Substitutions & Additions
If you are looking to mix things up, this recipe is quite flexible! You can swap chicken for tofu or shrimp for a different protein option. Try adding other vegetables like zucchini or mushrooms for extra flavor. If you want a more filling dish, consider adding black beans or corn to the quinoa. The possibilities are endless!
Tips for Success
- Be sure to let the chicken rest after grilling; this keeps it juicy.
- Don’t overcrowd the grill with the peppers, as they need space to char properly.
- If you’re prepping ahead, you can marinate the chicken overnight for even more flavor.
How to Store Grilled Chicken & Rainbow Peppers Power Plate
Store any leftovers in an airtight container in the fridge for up to 3 days. You can also freeze the grilled chicken and peppers for up to 2 months. Just be sure to thaw them completely before reheating!
FAQs
- Can I use frozen chicken? Yes, just make sure it is fully thawed before grilling.
- What can I serve with this power plate? A simple green salad or some crusty bread would pair wonderfully.
- Is this recipe suitable for meal prep? Absolutely! It’s perfect for packing lunches.
So there you have it, a delightful and nutritious Grilled Chicken & Rainbow Peppers Power Plate that is sure to impress. For more delicious recipes, check out Easy Southwest Grilled Chicken Wraps or Easy Homemade Raspberry Sorbet for treats you will love! And don’t forget to follow us on Pinterest for more tasty inspiration.

Grilled Chicken & Rainbow Peppers Power Plate
Ingredients
Equipment
Method
- Step 1: Preheat your grill to medium-high heat. In a small bowl, mix olive oil, garlic powder, paprika, salt, and pepper. Rub the spice mixture evenly over both sides of the chicken breasts.
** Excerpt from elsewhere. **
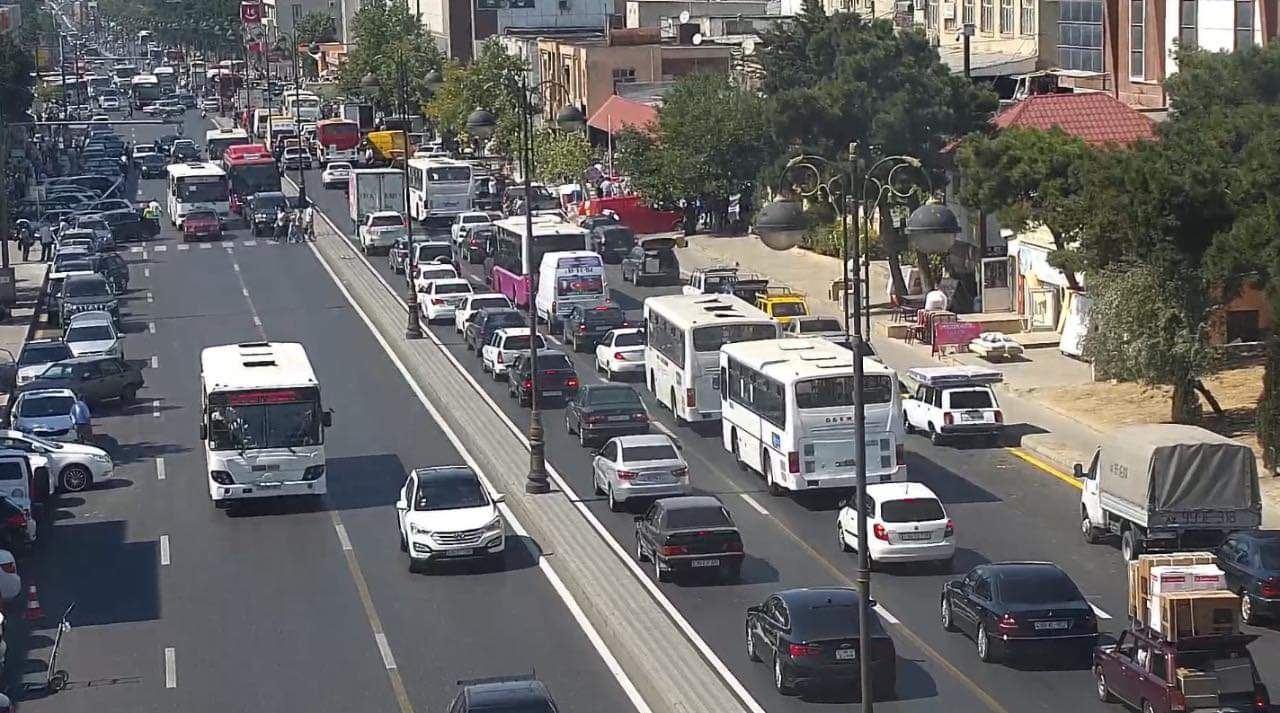 БТА о плотности движения в Баку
- Step 2: Place the chicken breasts on the grill and cook for about 6-7 minutes on each side, or until the internal temperature reaches 165°F (75°C). Remove the chicken from the grill and let it rest for 5 minutes before slicing.
- Step 3: While the chicken is resting, place the sliced bell peppers on the grill. Grill for about 3-4 minutes, turning occasionally until they are tender and slightly charred.
- Step 4: On a plate, start with a base of cooked quinoa. Top with sliced grilled chicken and grilled rainbow peppers. Add avocado slices on top and garnish with fresh cilantro.
- Step 5: Serve with lime wedges on the side for an extra burst of flavor.